In terms of timing, the European Parliament is likely to want to finalise its report by the end of October 2022. This leaves little time for the trilogue process, which may, therefore, slip into 2023. This would then point towards AIFMD II coming into force in 2025, given that the Directive will not take effect until 18 months after the trilogue process has been completed and the final AIFMD II Directive has been published in the Official Journal of the EU.
It is worth noting also that the Commission’s proposal suggests making corresponding amendments to the Undertakings for Collective Investment in Transferable Securities Directive 2009/65/EC (the ‘UCITS Directive’). Accordingly, it is likely that the relevant provisions set out in the final AIFMD II Directive will subsequently be applied to UCITS funds as well, which will create compliance efficiencies for those asset managers who operate under both regimes.

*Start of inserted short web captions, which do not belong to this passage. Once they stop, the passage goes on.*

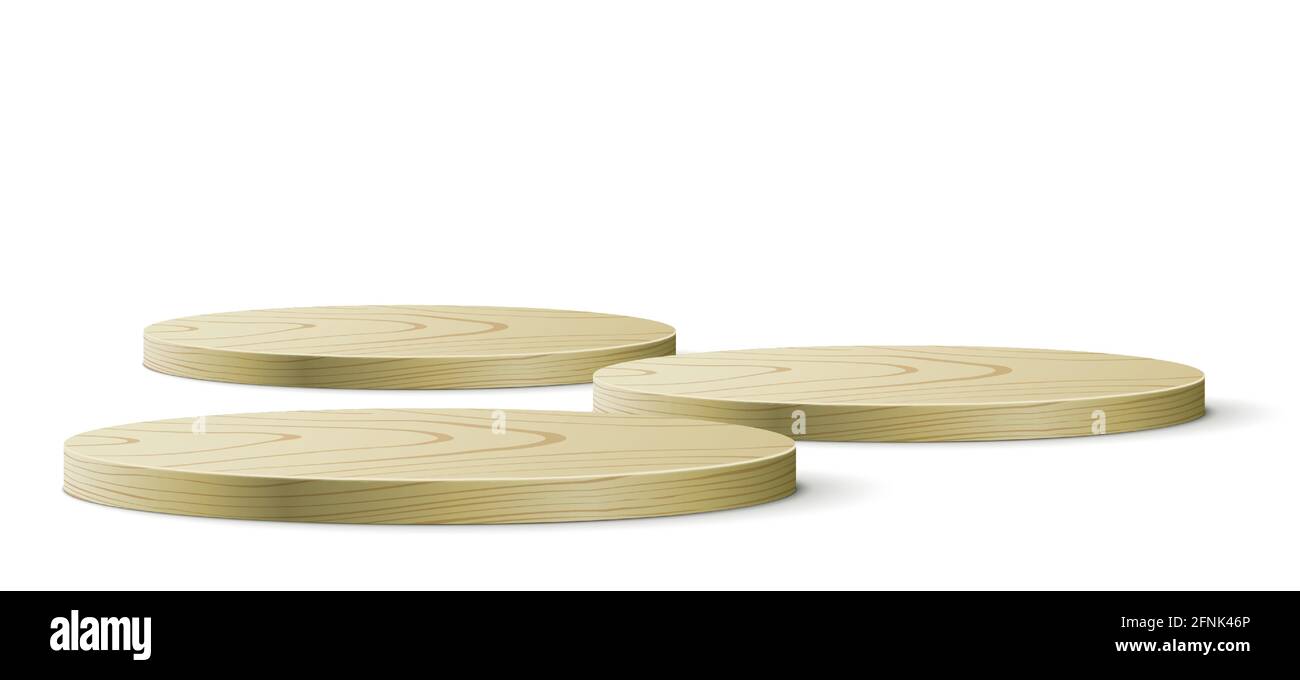 Bureaux ovales en bois isolés sur fond blanc. Panneaux en bois de forme ronde avec espace pour la présentation des produits, le placement d'objets, ou certaines présentations. Illustration vectorielle. Illustration de Vecteur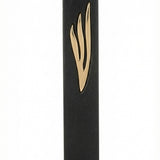 Extra large black stone mezuzah with engraved gold Shin, made in Israel, designed for outdoor and modern door entrances, 9 inches tall.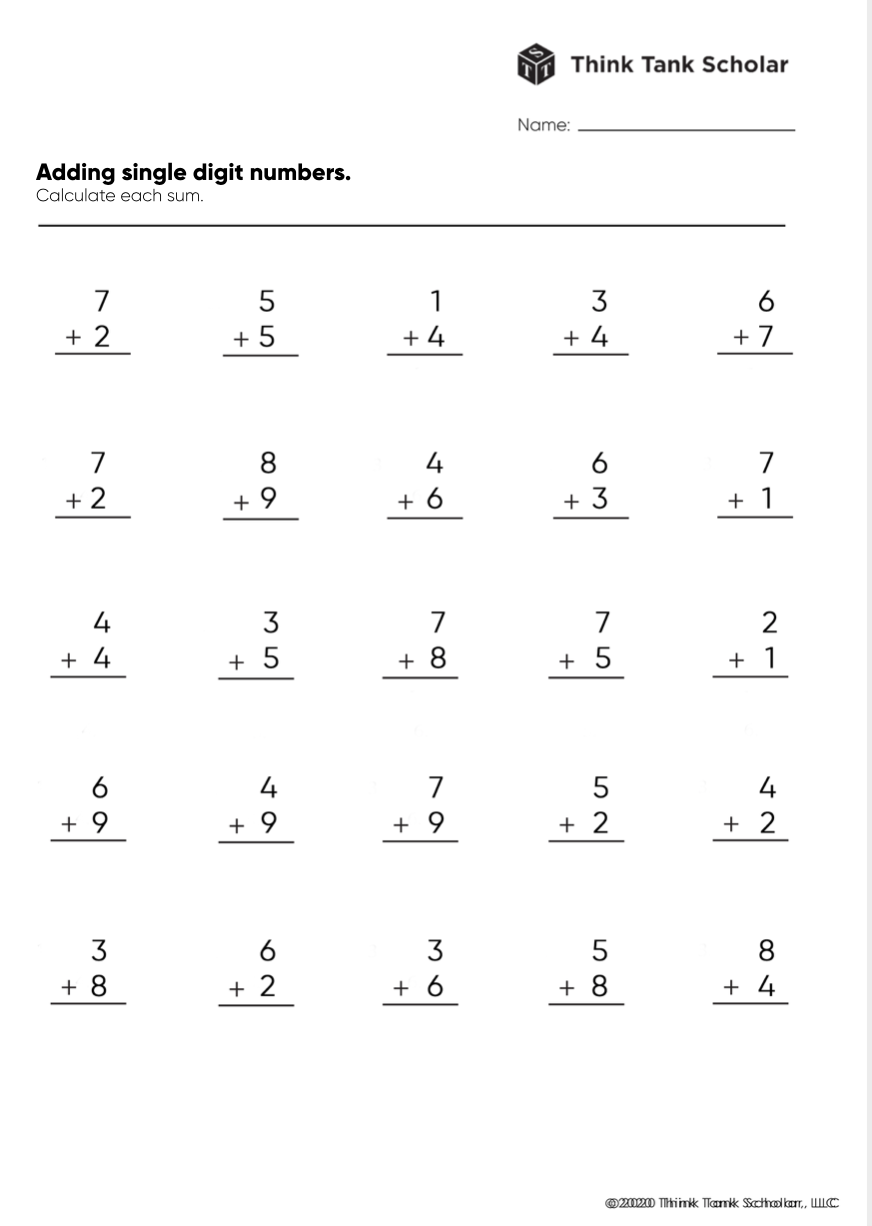 100 Single Digit Addition Questions With Some Regrouping A Worksheets Library 100 Single Digit Addition Questions With Some Regrouping A Worksheets Library
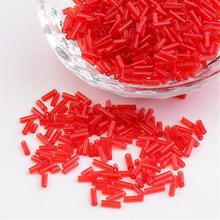 1250pcs/50g Glass Bugle Beads, Seed Beads, Red, Grey, Peru, Rose Brown,about 6mm long, 1.8mm in diameter, hole: 0.6mm 2024 - buy cheap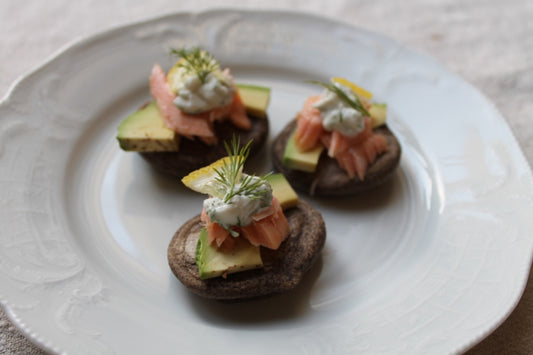 Smoked Salmon on Buckwheat Blini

Many stakeholders and industry participants believe that AIFMD is generally working well and has substantially achieved its original aim of ensuring high levels of investor protection and also creating an effective supervisory regime for AIFMs. While the legislative process is ongoing, there are positive signs at this stage that AIFMD II will represent targeted enhancements to the regime rather than representing any substantial deviation from the existing requirements. A good example of this would be the proposals in the context of delegation, as referenced above. Investor access to the ‘best in class’ of global asset managers has been a core part of the EU’s Capital Markets Union plans since the outset. Limiting the extent to which an AIFM could delegate portfolio management to non-EU asset managers would have cut across this aim and would have been politically motivated, rather than in the interests of investors.
Overall, it is expected that the relatively benign changes proposed under AIFMD II will be largely welcome news for industry participants, particularly given the existing success of the AIFMD regime to date and also bearing in mind the already increasingly demanding and evolving regulatory landscape which the industry continues to face.